→ ACTIVITY:
Pictures do not belong in the copy; restate the records below word for word.
Top of PROVIDED RECORDS
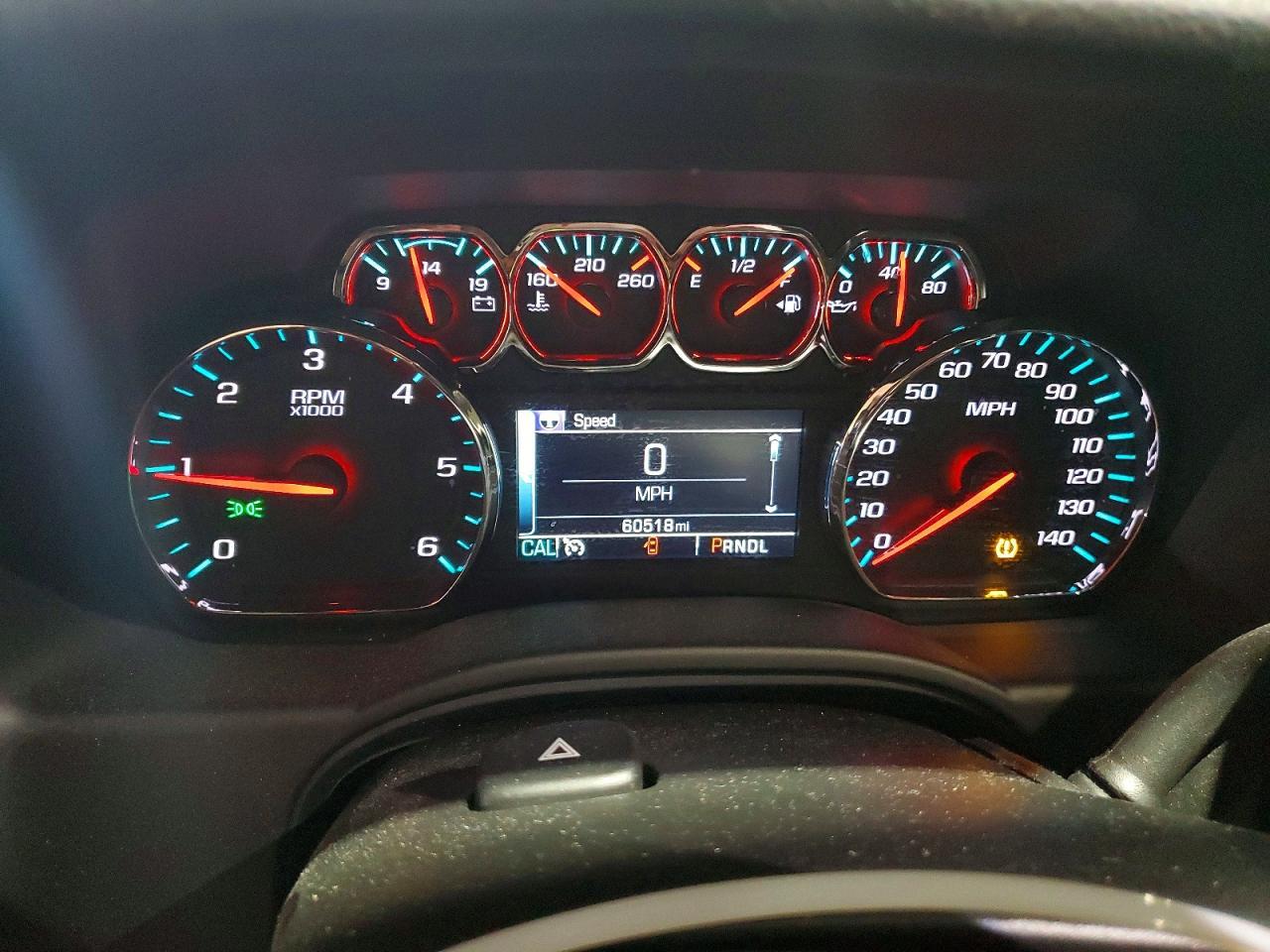 2020 GMC Yukon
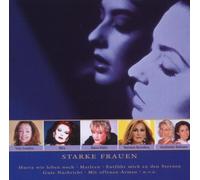 Various - Nur das Beste-Starke Frauen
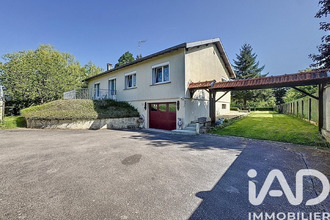  maison bulgneville 88140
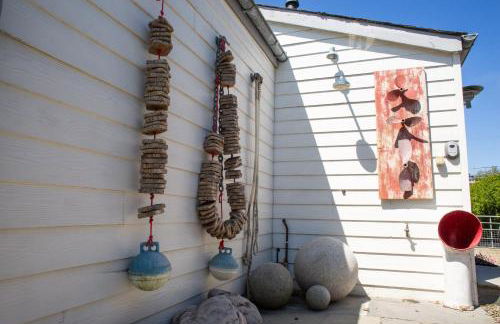 Ty Y Mor Aberporth - Foto 31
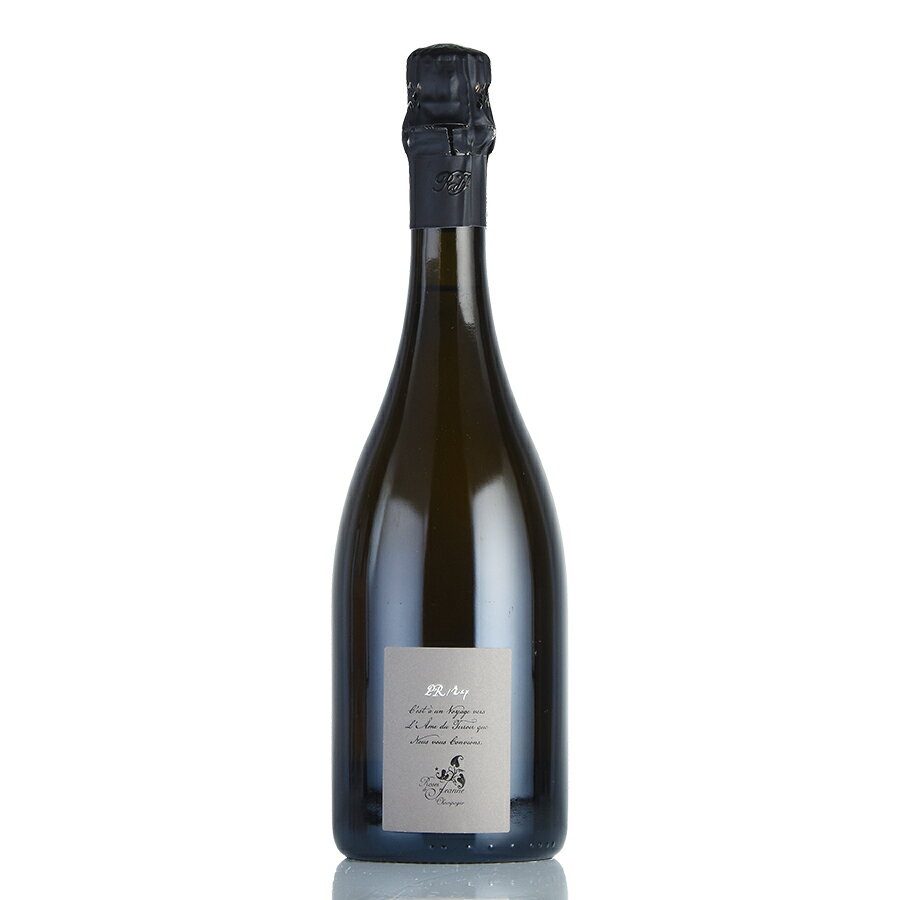 セドリック ブシャール ローズ ド ジャンヌ プレスル ブラン ド ノワール 2017 Roses de Jeanne Presle Blanc de Noirs フランス シャンパン シャンパーニュ 【母の日ギフト対象】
Bottom of PROVIDED RECORDS
→ TASK RESULT:
 2020 GMC Yukon
 Various - Nur das Beste-Starke Frauen
  maison bulgneville 88140
 Ty Y Mor Aberporth - Foto 31
 セドリック ブシャール ローズ ド ジャンヌ プレスル ブラン ド ノワール 2017 Roses de Jeanne Presle Blanc de Noirs フランス シャンパン シャンパーニュ 【母の日ギフト対象】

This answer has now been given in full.